**SOURCE RECORDS:**
"""

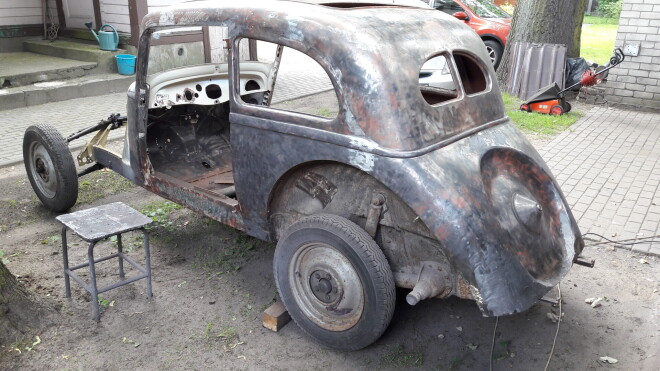 Linarda "Peugeot" pirms restaurācijas.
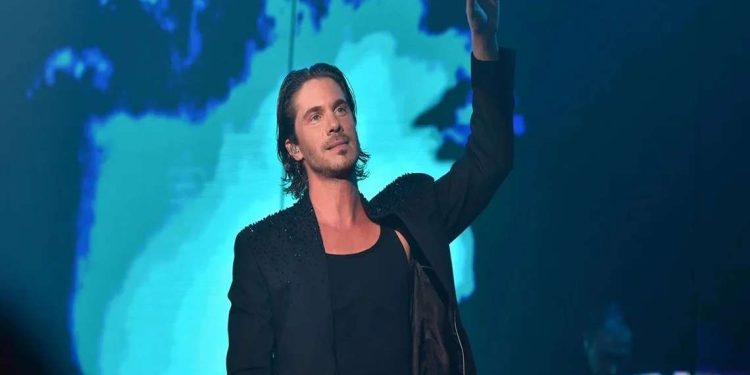 Νίκος Οικονομόπουλος: Πανέρι με λουλούδια «προσγειώθηκε» στο πρόσωπό του
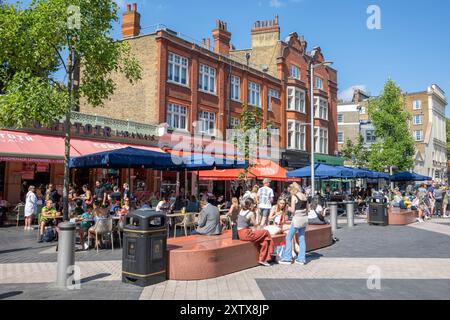 Cafés und Restaurants im Hochsommer auf der Exhibition Road in South Kensington, London, Großbritannien. August 2024. Stockfoto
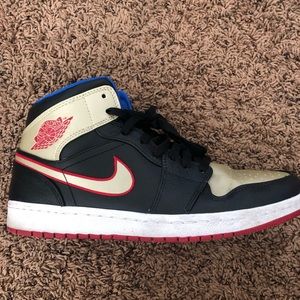 Men’s Air Jordan Mid Retro 1s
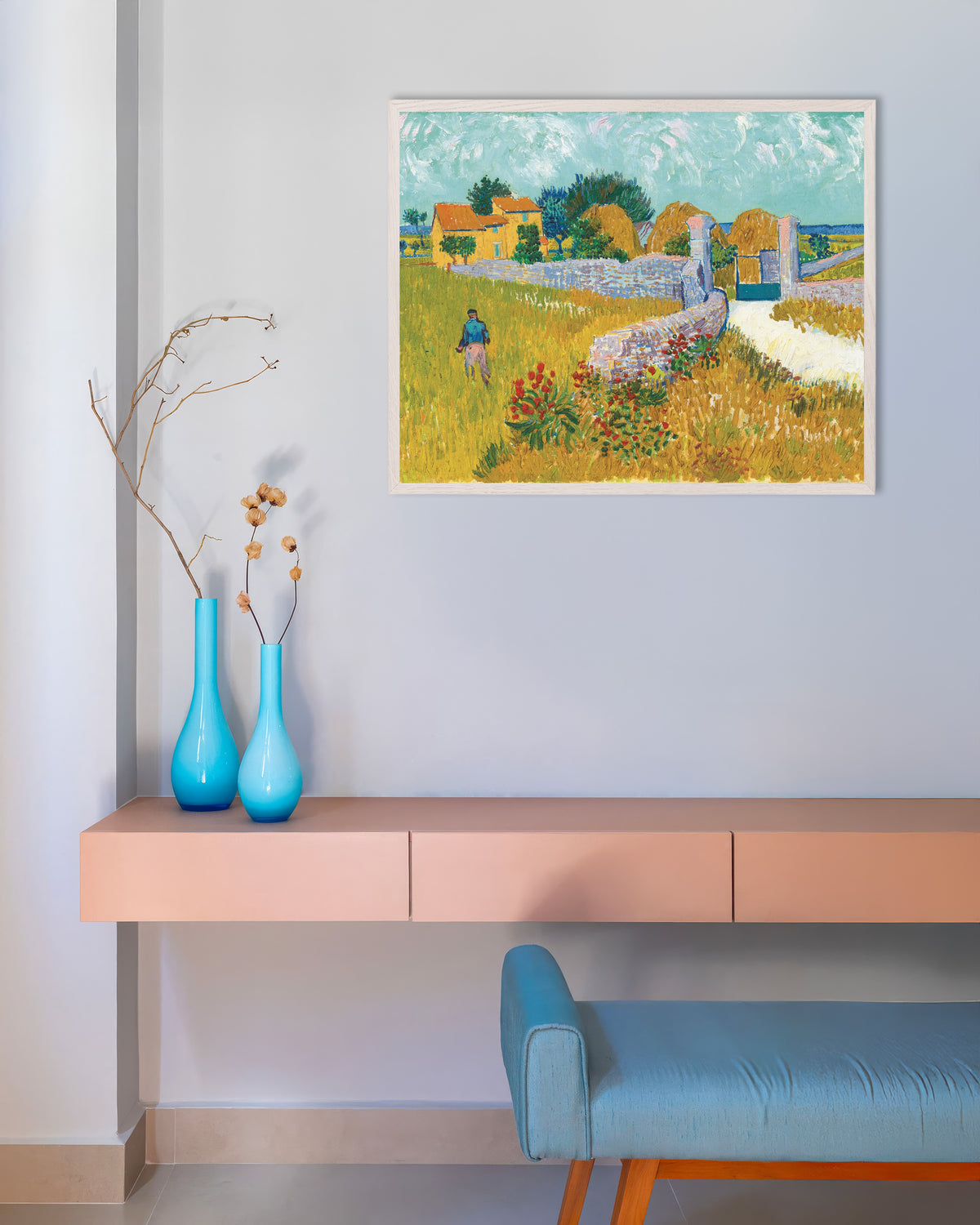 Poster de Ferme en Provence (1888) de Vincent van Gogh, avec un cadre en bois blanc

"""

**ACTION ITEM:**
Your task is to transcribe exactly the lines from the one containing "Νίκος Οικονομόπουλος: Πανέρι" through the final line of the entries above, pictures excluded.

**ANSWER TO THIS EXERCISE:**
 Νίκος Οικονομόπουλος: Πανέρι με λουλούδια «προσγειώθηκε» στο πρόσωπό του
 Cafés und Restaurants im Hochsommer auf der Exhibition Road in South Kensington, London, Großbritannien. August 2024. Stockfoto
 Men’s Air Jordan Mid Retro 1s
 Poster de Ferme en Provence (1888) de Vincent van Gogh, avec un cadre en bois blanc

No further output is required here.